BTrEd/NTrEd Tutorial

Petr Pajas


Table of Contents

1. Preliminaries
2. What BTrEd and NTrEd are and why do I need them?
3. Getting started
4. Processing too slow? Use NTrEd!
4.1. Requirements
4.2. Getting started
5. Quick API reference

1. Preliminaries

Both btred and ntred are TrEd macro processors. TrEd macros are based on Perl, so you should be familiar with basics of Perl programming language. Most notably, you should know how to deal with Perl's basic data structures (scalars, arrays, hashes) and references. You should also know how to write perl subroutines. Basic knowledge of perl object oriented programming is also required (as a minimum, you should know the $object->method(arguments) syntax).

2. What BTrEd and NTrEd are and why do I need them?

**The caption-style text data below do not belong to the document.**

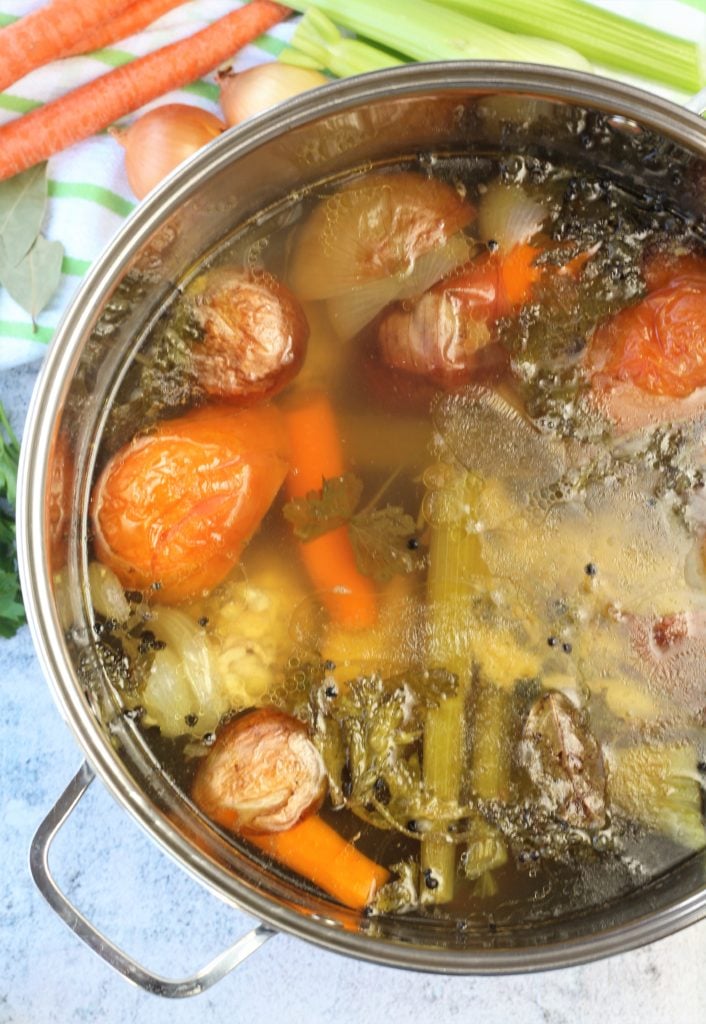 large stock pot with simmered chicken broth filled with vegetables 
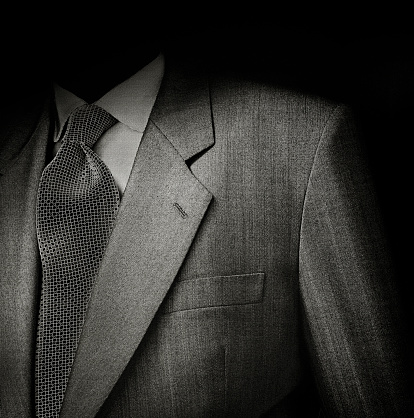 Black & White film photo of man suit detail against black background. Low key exposure to give it a sinister semblance.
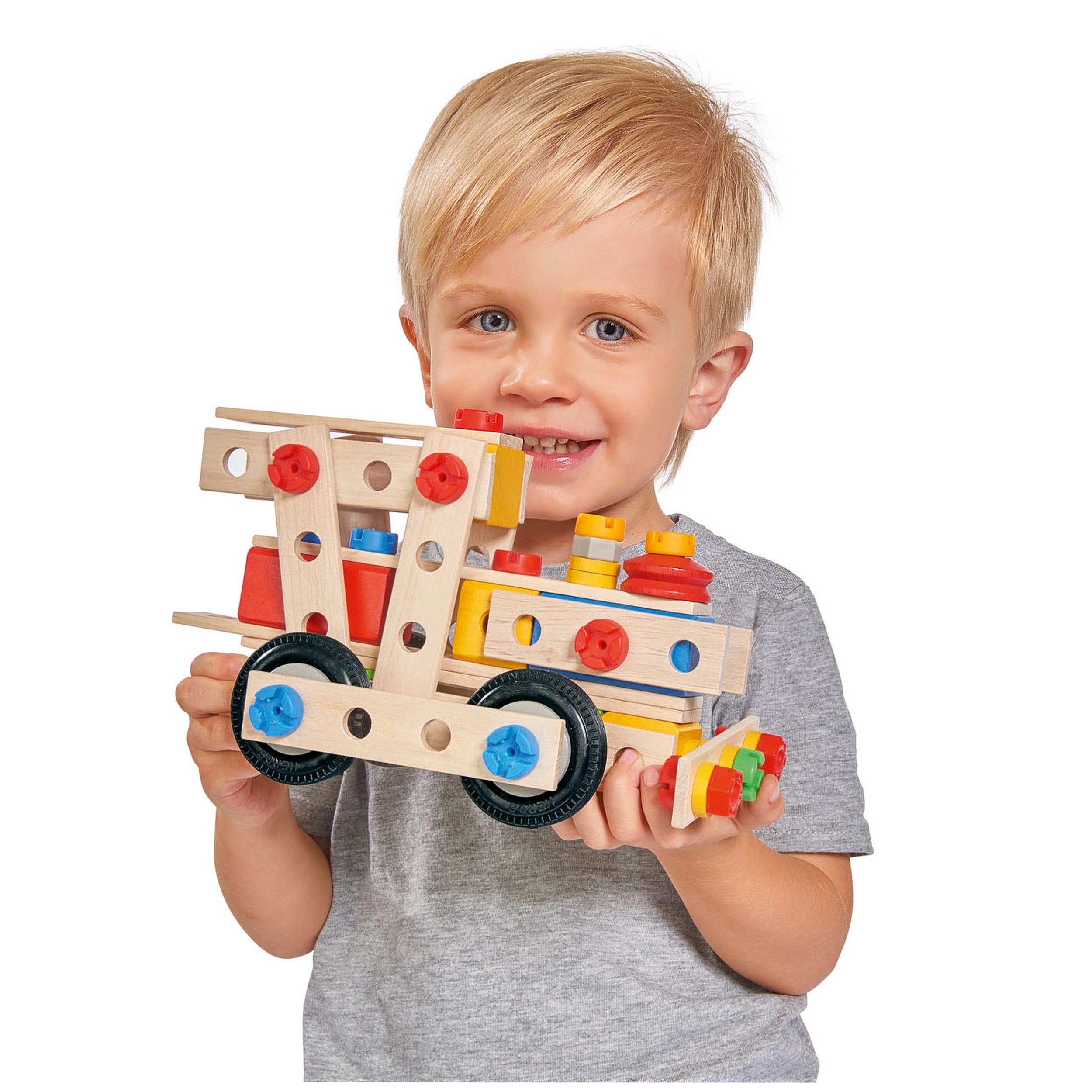Eichhorn Constructor 4 in 1 construction set features a gray wooden toy truck with red wheels and colorful plastic connectors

You only need these programs if you work with tree structures in FS or other supported format and you want to process those structures programatically without (much) user interaction. btred can be used either directly from the command line or as a server which keeps the trees in memory and evaluates macros on clients requests. ntred is an interface between the client and one or more btred servers.

3. Getting started

In the most usual case, you run btred as follows:

btred -m my_macros
      -e my_function files ...

btred first reads your macros from the files my_macros, then starts opening given files one at a time and executes function my_function on each of them.

The file my_macros may for example look as the following one:


sub is_childless_verb {
  my ($node) = @_;
  if (not($node->firstson()) and $node->{tag}=~/^V/) {
    return 1;
  } else {
    return 0;
  }
}

sub find_childless_verbs {
  do {{
    while ($this) {
      if (is_childless_verb($this)) {
         print ThisAddress(),"\n";
      }
      $this=$this->following;
    } 
  }} while (NextTree());
}
      

To apply the above macros on a set of files, you simply type

btred -m my_macros -e find_childless_verbs *.fs

Let's see what happens in the code: find_childless_verbs iterates over all trees by calling NextTree() to move to the next tree. Within each tree it iterates over all nodes, using following method on current node $this. This method returns the following node in the recursive depth-first ordering. For each node it consults the is_childless_verb function declared above and if this function returns 1, prints a string of the form filename.fs#tree-no.node-position generated by a default macro function called ThisAddress(). Output can be passed to TrEd as a file-list and TrEd will open each of the files at the exact tree and node.

The code in is_childless_verb checks if the given node has no children (which in turn means, it has no first son, as node's children are all male in the terminology used) and is a verb according to the first letter of the attribute tag, containing required morphological information.

It is quite apparent that most of the code of find_childless_verbs is spent on iterating over all nodes of all trees. btred can do this for you, if you use use the options -T (to iterate over all trees) and -N to iterate over all nodes within each of processed trees. Command-line options which don't take arguments can be put together, so you can write the above two as -TN.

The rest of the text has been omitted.